■ TASK REQUIREMENTS ■
Range to output from the entries below: the line containing "Luminaires dans la" through the line containing "Minty Fresh - Loaf". Set it down exactly, ends included, nothing else.

■ DATA SUPPLIED ■
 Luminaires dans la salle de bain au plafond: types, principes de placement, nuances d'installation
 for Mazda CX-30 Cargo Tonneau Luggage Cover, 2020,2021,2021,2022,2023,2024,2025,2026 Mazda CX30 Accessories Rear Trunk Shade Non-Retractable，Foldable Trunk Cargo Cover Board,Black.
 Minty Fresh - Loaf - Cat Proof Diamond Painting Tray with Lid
...
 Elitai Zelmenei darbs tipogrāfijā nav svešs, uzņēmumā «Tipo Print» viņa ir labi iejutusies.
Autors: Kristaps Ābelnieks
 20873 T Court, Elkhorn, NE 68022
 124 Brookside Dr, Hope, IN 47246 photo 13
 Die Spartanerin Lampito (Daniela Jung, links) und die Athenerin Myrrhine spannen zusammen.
==
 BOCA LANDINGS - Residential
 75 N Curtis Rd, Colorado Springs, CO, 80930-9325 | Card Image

■ RESPONSE FOR THIS EXERCISE ■
 Luminaires dans la salle de bain au plafond: types, principes de placement, nuances d'installation
 for Mazda CX-30 Cargo Tonneau Luggage Cover, 2020,2021,2021,2022,2023,2024,2025,2026 Mazda CX30 Accessories Rear Trunk Shade Non-Retractable，Foldable Trunk Cargo Cover Board,Black.
 Minty Fresh - Loaf - Cat Proof Diamond Painting Tray with Lid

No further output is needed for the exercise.